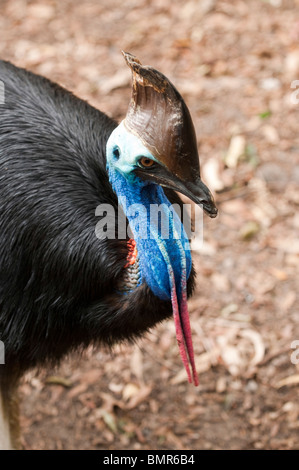 Kasuar, Currumbin Wildlife Sanctuary, Gold Coast, Queensland, Australien Stockfoto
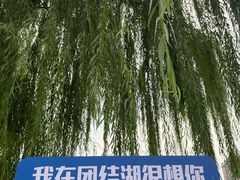 -团结湖公园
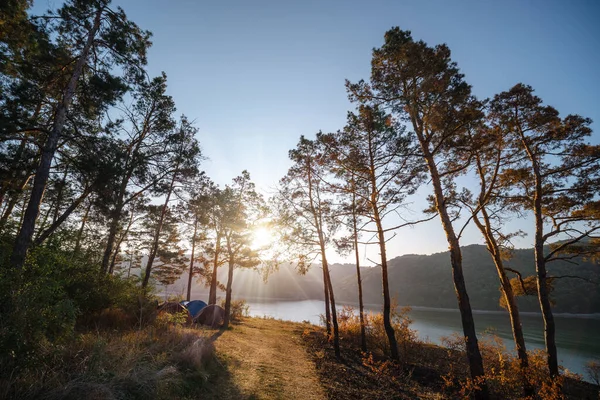 Afstand Zicht Ochtendlandschap Dennenbos Zonnestralen Gloed Riviermeer Bergen Zomer Camping — Stockfoto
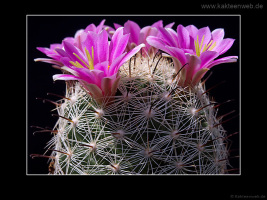 Mammillaria boolii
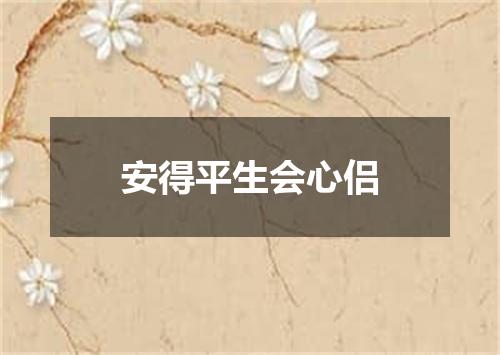安得平生会心侣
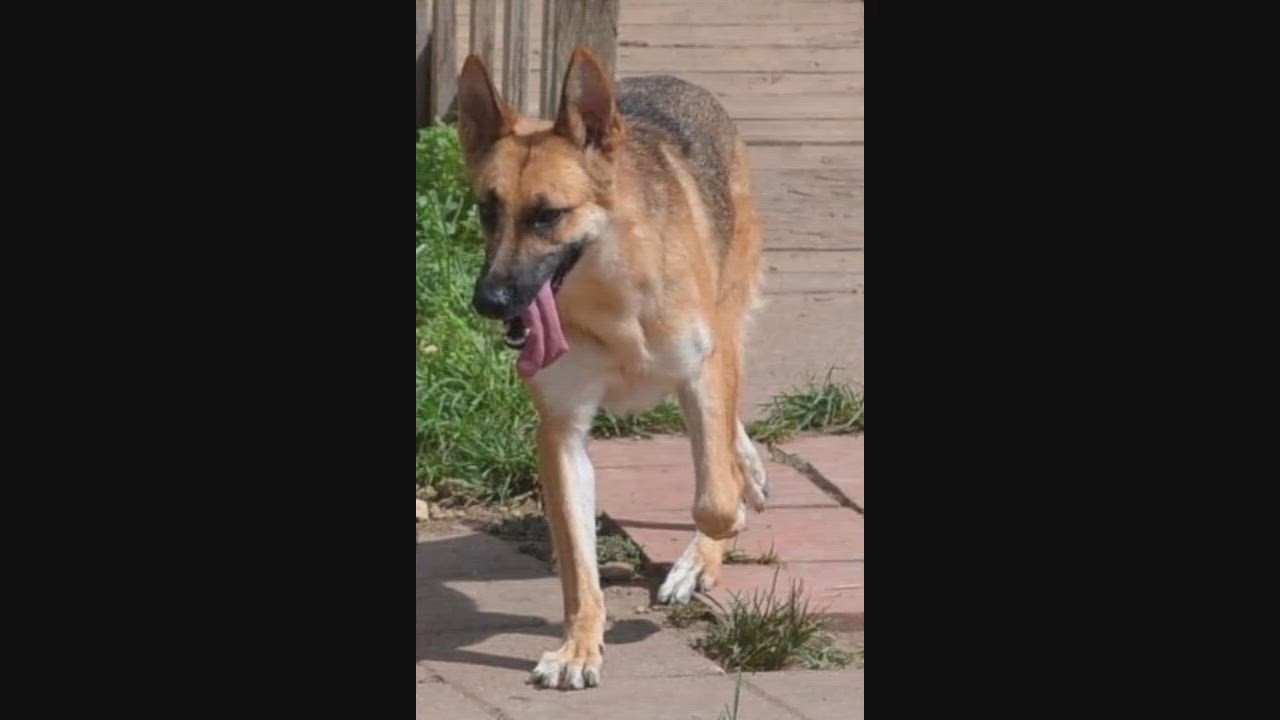 Enlarge Harmony, a Adoptable German Shepherd Dog in Round Rock, TX video 9/12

----------------------------------------

- Problem requirements: Retype verbatim only the lines beginning with the line that contains "Mammillaria boolii" and ending with the last line of the listing above; pictures are to be excluded.

- The completed task:
 Mammillaria boolii
安得平生会心侣
 Enlarge Harmony, a Adoptable German Shepherd Dog in Round Rock, TX video 9/12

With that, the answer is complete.